Evangelie van 29 januari 2019

Brief aan de Hebreeën 10,1-10.
Broeders, aangezien de wet slechts een schaduw van toekomstige goederen bezit en niet de werkelijkheid zelf, heeft zij niet de macht om hen die tot God naderen te leiden tot volmaaktheid door middel van de offers die voortdurend van jaar tot jaar worden gebracht.
Zouden ze anders niet ophouden te worden geofferd, aangezien de gelovigen, voor eens en voor altijd gezuiverd, geen besef meer zouden hebben van hun zonden?
In plaats daarvan wordt door deze offers de herinnering aan de zonden van jaar tot jaar vernieuwd,
want het is onmogelijk de zonden weg te nemen met het bloed van stieren en bokken.
Om deze reden zegt Christus, die de wereld binnenkomt: Je wilde geen offer of offer, een lichaam in plaats daarvan bereidde je me voor.
Je hield niet van brandoffers of offers voor de zonde.
Toen zei ik: Zie, ik kom - want er staat geschreven in de boekrol - om, o God, uw wil te doen.
Na eerder gezegd te hebben, wilde en hield je niet van offers of offergaven, brandoffers of offers voor de zonde, alle dingen die volgens de wet worden aangeboden,
voegt toe: Zie, ik kom om uw wil te doen. Hiermee schrapt hij het eerste offer om een ​​nieuwe op te richten.
En juist vanwege die wil zijn we geheiligd, door het offer van het lichaam van Jezus Christus, voor eens en voor altijd gemaakt.

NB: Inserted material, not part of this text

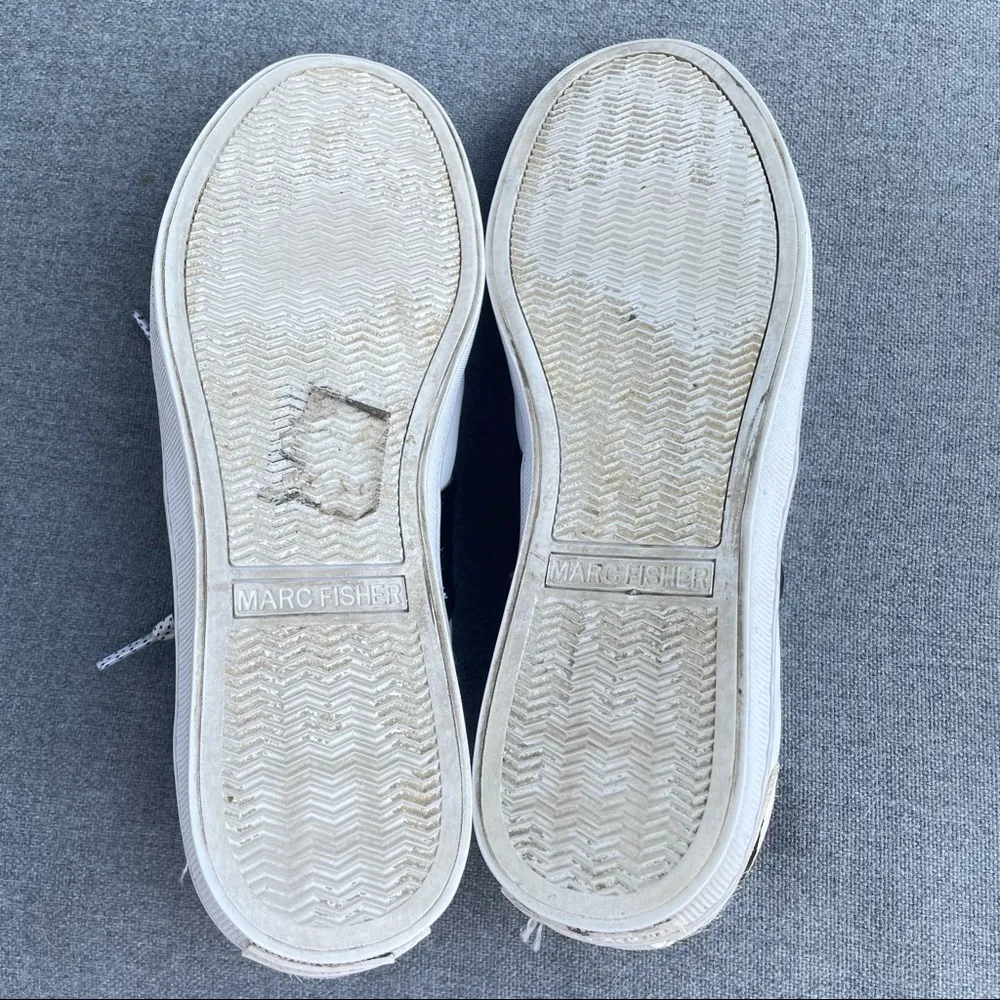 Marc Fisher - Image 9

Salmi 40(39),2.4ab.7-8a.10.11.
Ik hoopte: ik hoopte op de Heer
en hij boog zich over me heen,
hij luisterde naar mijn kreet.
Hij zette een nieuw lied op mijn mond,
prijs onze God.

Offer en aanbod dat je niet leuk vindt,
je oren gingen open voor mij.
Je hebt niet gevraagd om een ​​slachtoffer van een holocaust en schuld.
Toen zei ik: "Hier kom ik."

Ik heb je gerechtigheid aangekondigd
in de grote vergadering;
Kijk, ik houd mijn lippen niet dicht,
Meneer, u weet het.

Ik heb uw gerechtigheid niet in mijn hart verborgen,
uw trouw en uw redding verkondigde ik.
Ik heb uw genade niet verborgen
en uw trouw aan de grote vergadering.

Uit het evangelie van Jezus Christus volgens Marcus 3,31-35.
Op dat moment kwamen de moeder van Jezus en zijn broers aan en, buiten staande, lieten ze hem halen.
Overal zat de menigte en ze zeiden tegen hem: 'Hier is je moeder, je broers en zussen zijn op zoek naar jou.'
Maar hij zei tegen hen: 'Wie is mijn moeder en wie zijn mijn broers?'
Hij richtte zijn blik op degenen die om hem heen zaten en zei: 'Hier zijn mijn moeder en mijn broers!
Wie de wil van God doet, dit is mijn broer, zus en moeder ».